Convert a PDF paper to html page.
You can translate the paper easily by browser functions, and you can view the original document and the translated document at the same time.
Albanie, Samuel, Sébastien Ehrhardt, and Joao F. Henriques. "Stopping gan violence: Generative unadversarial networks." arXiv preprint arXiv:1703.02528 (2017).
If you want to convert papers more accurately, you can also use a good experimental service by Allen Institute for AI.
- Convert PDF files on the Internet easily by using a bookmarklet.
- Support for double-column papers.
$ docker run --rm -it -p 6003:6003 ghcr.io/ktaaaki/paper2html
Use with care as it opens up the port.
$ sudo apt install poppler-utils poppler-data
$ git clone https://github.com/ktaaaki/paper2html.git
$ pip install -e paper2html
$ python3 ./paper2html/main.py
$ brew install poppler
$ git clone https://github.com/ktaaaki/paper2html.git
$ pip install -e paper2html
$ python3 ./paper2html/main.py
Download Poppler for Windows
binary file from http://blog.alivate.com.au/poppler-windows/
Please set the Poppler for Windows
path(ex.C:\Users\YOUR_NAME\Downloads\poppler-0.68.0\bin
) in the PATH environment variable.
Verify that the path is displayed with the following command.
> where.exe pdfinfo
Download the zip file or use git clone
command to save the paper2html code locally, and then install it using the following command.
> py -m pip -e paper2html
> python .\paper2html\main.py
Upload a PDF file to the server by using this bookmarklet.
javascript:var esc=encodeURIComponent;var d=document;var subw=window.open('http://localhost:6003/paper2html/convert?url='+esc(location.href)).document;
Click on the bookmarklet when you open a PDF paper in your browser.
Then the conversion will start and the generated html will be opened after a while.
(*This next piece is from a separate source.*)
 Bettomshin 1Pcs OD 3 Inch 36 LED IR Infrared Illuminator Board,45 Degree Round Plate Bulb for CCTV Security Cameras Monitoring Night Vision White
You can see the list of converted documents in the index page localhost:6003/paper2html/index.html
NOTE👉 If you are running a paper2html server on Docker, you will not be able to convert PDF file on the host OS with the bookmarklet. See docker image doc.
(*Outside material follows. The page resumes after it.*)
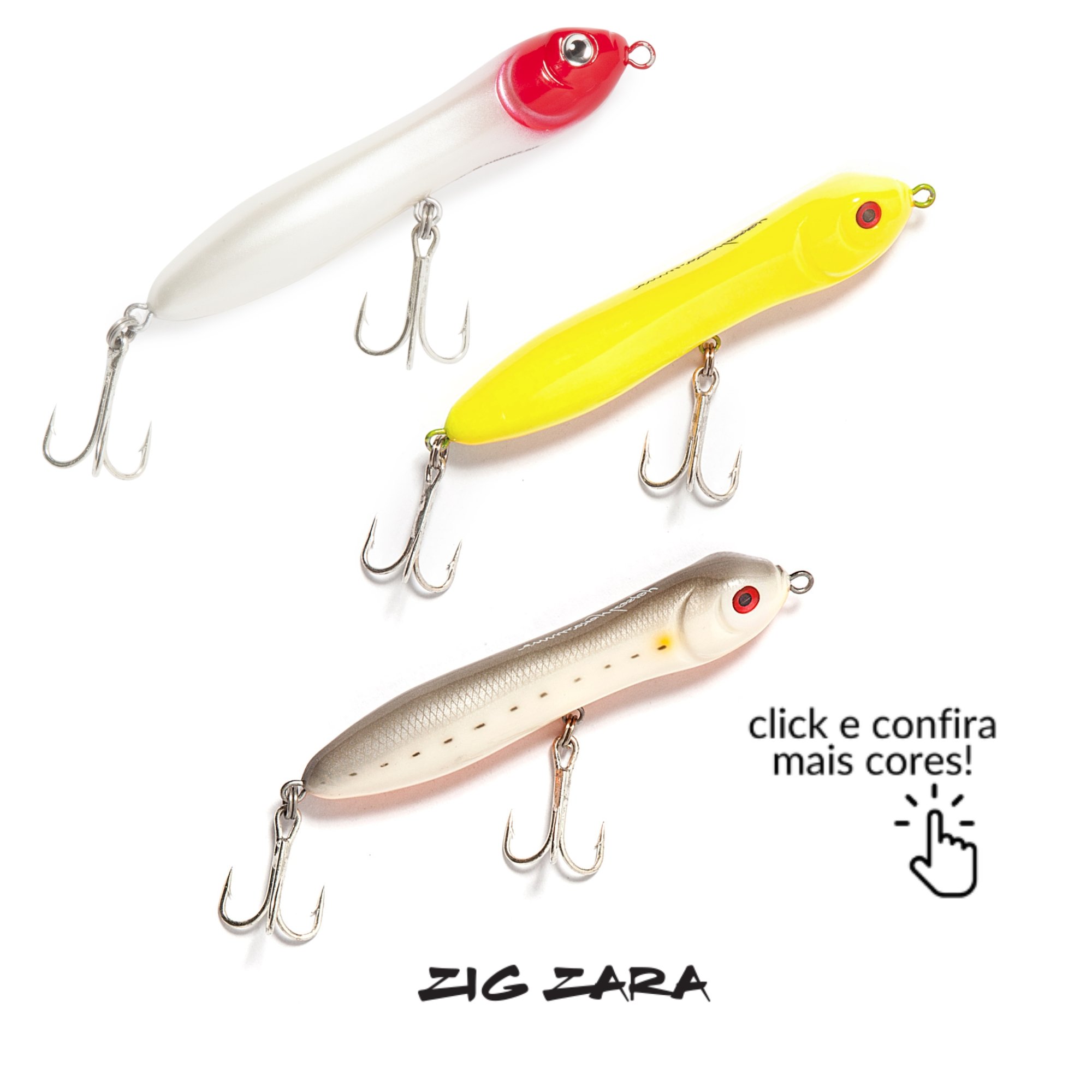 Isca Lucky by Nelson Nakamura Zig Zarão 130 | 13cm - 22g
Run this command, then open the html file in your browser.
$ python paper2html/commands.py "path-to-paper-file.pdf"
In IPython, do it like this.
>>> import paper2html
>>> paper2html.open_paper_htmls("path-to-paper-file.pdf")
You can use specific browser.
$ python paper2html/commands.py "path-to-paper-file.pdf" --browser_path="/path/to/browser"
You can also only convert without opening a browser.
>>> import paper2html
>>> paper2html.paper2html("path-to-paper-file or directory")